§ **Task data**
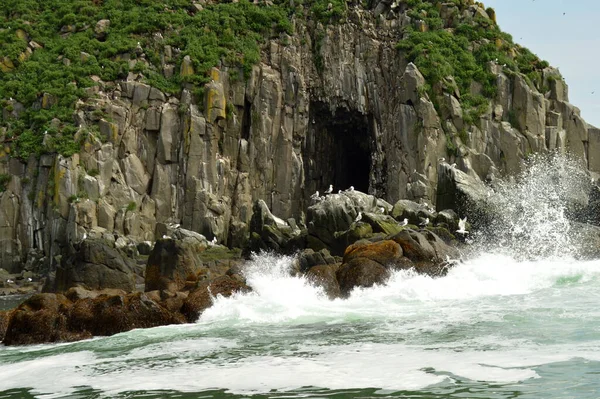 Des Vagues Écrasent Contre Des Rochers Kamchatka Russie — Photo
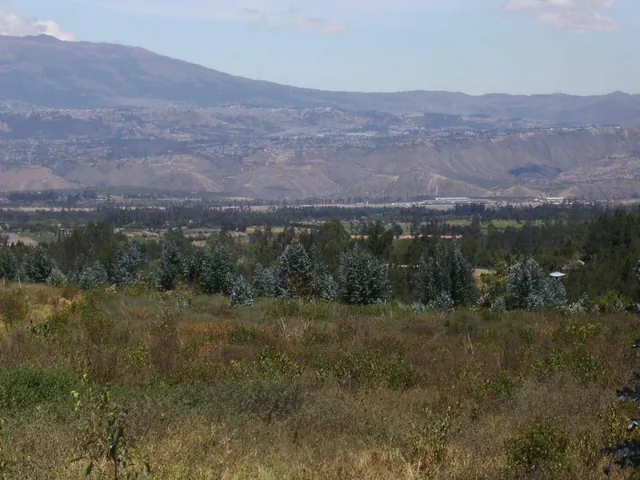 Espectacular Terreno de Venta Ubicado en Checa — imagen 2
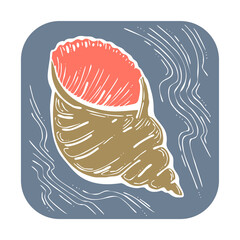 Sea shell natural beauty from ocean beach treasure collection. Summer time vacation mood. Aquarium exotic tropical decoration. Hand drawn illustration. Line drawing.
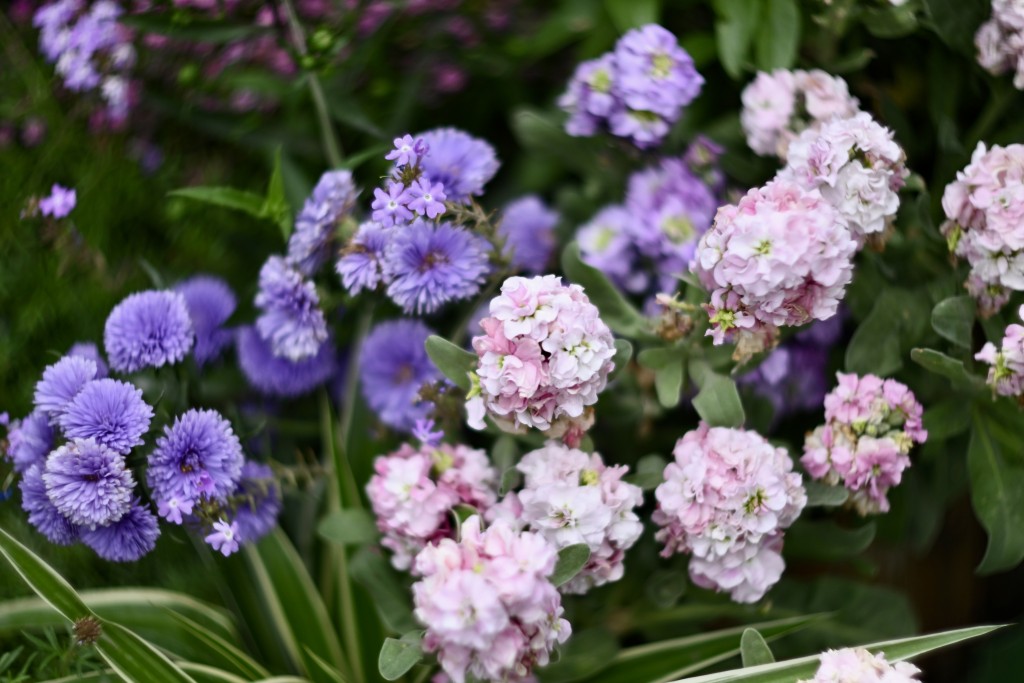 今年花展共有超過80個來自不同國家及地區的團體參展,他們呈獻匠心獨運的園林造景與花藝作品。 今年花展共有超過80個來自不同國家及地區的團體參展,他們呈獻匠心獨運的園林造景與花藝作品。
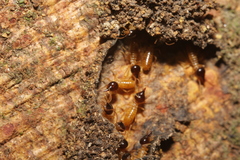 Nasutitermes corniger
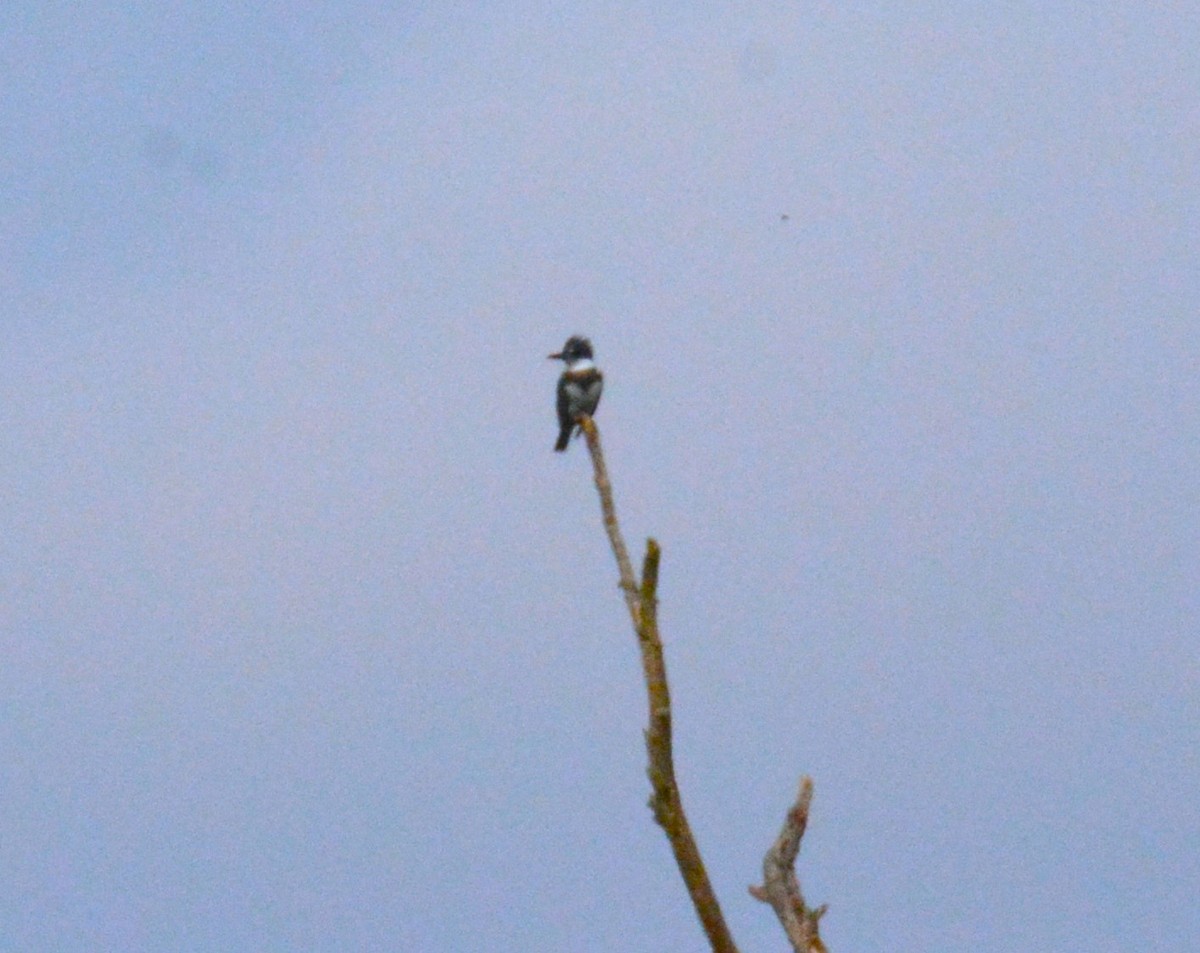 Belted Kingfisher - ML484619241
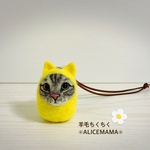 だるま猫ちゃん☆アメショ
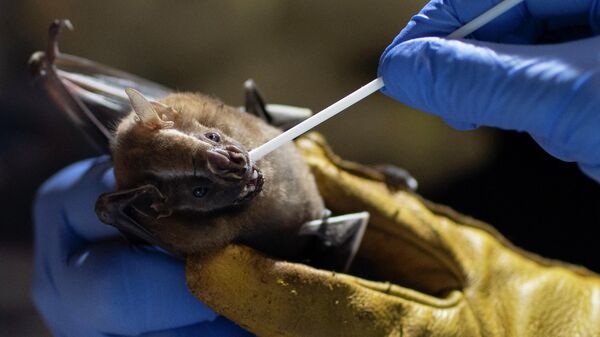 Mokslininkas paima mėginį iš šikšnosparnio burnos - Sputnik Lietuva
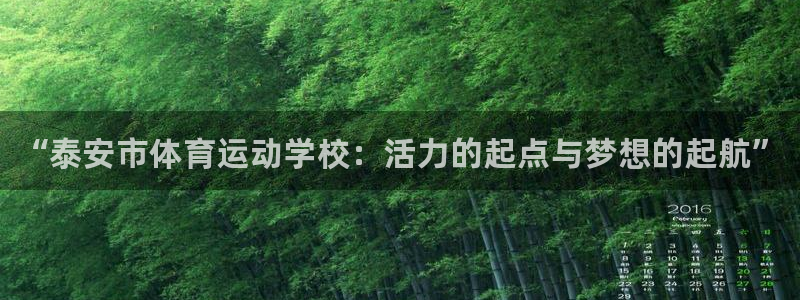 3377体育官方正版app科技：“泰安市体育运动学校
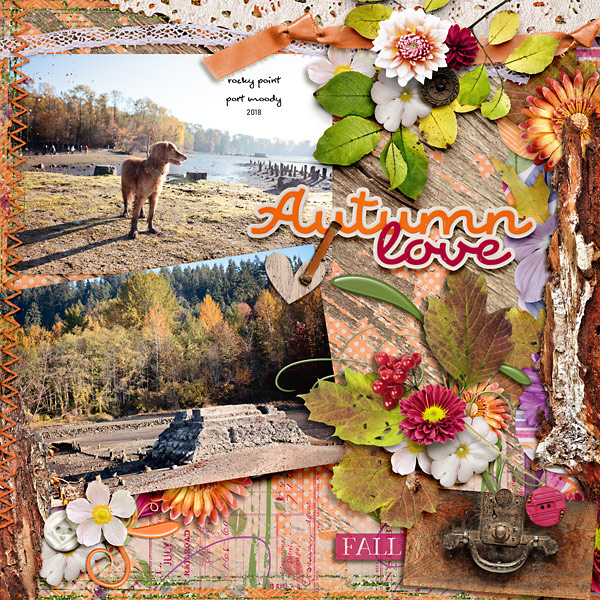 Autumn Love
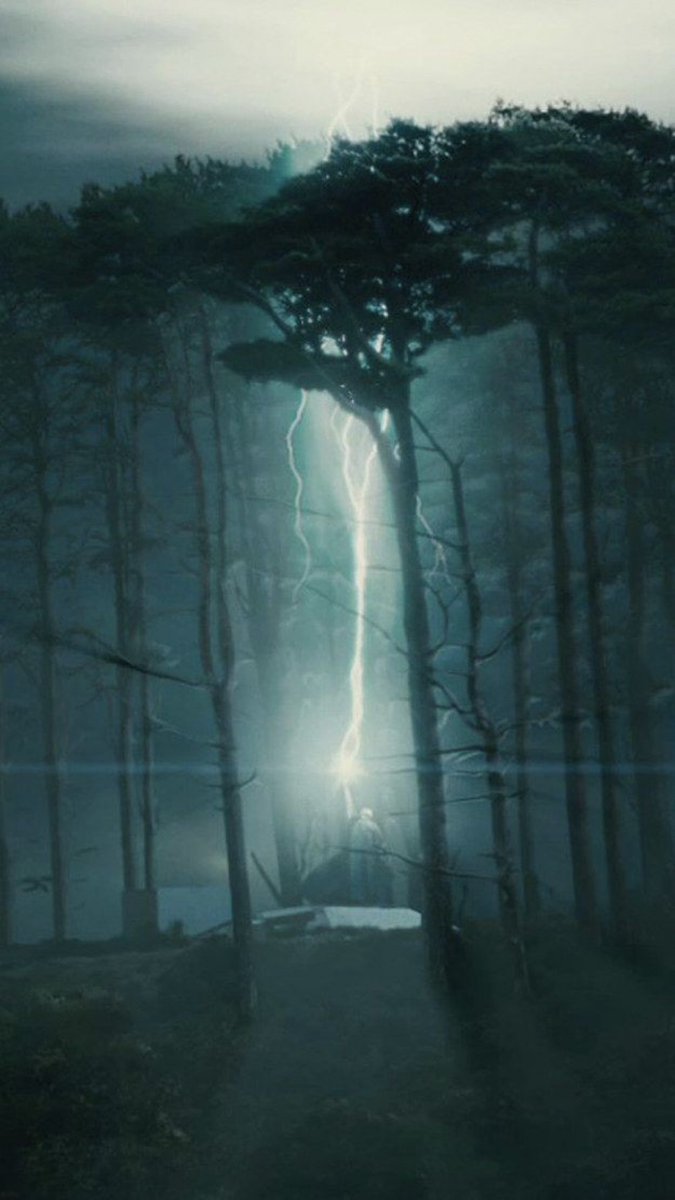 Lord Voldemort vibes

§ **Work instructions**
Reproduce the full listing faithfully, but do not carry over any pictures.

§ **Problem solution**
 Des Vagues Écrasent Contre Des Rochers Kamchatka Russie — Photo
 Espectacular Terreno de Venta Ubicado en Checa — imagen 2
 Sea shell natural beauty from ocean beach treasure collection. Summer time vacation mood. Aquarium exotic tropical decoration. Hand drawn illustration. Line drawing.
 今年花展共有超過80個來自不同國家及地區的團體參展,他們呈獻匠心獨運的園林造景與花藝作品。 今年花展共有超過80個來自不同國家及地區的團體參展,他們呈獻匠心獨運的園林造景與花藝作品。
 Nasutitermes corniger
 Belted Kingfisher - ML484619241
 だるま猫ちゃん☆アメショ
 Mokslininkas paima mėginį iš šikšnosparnio burnos - Sputnik Lietuva
 3377体育官方正版app科技：“泰安市体育运动学校
 Autumn Love
 Lord Voldemort vibes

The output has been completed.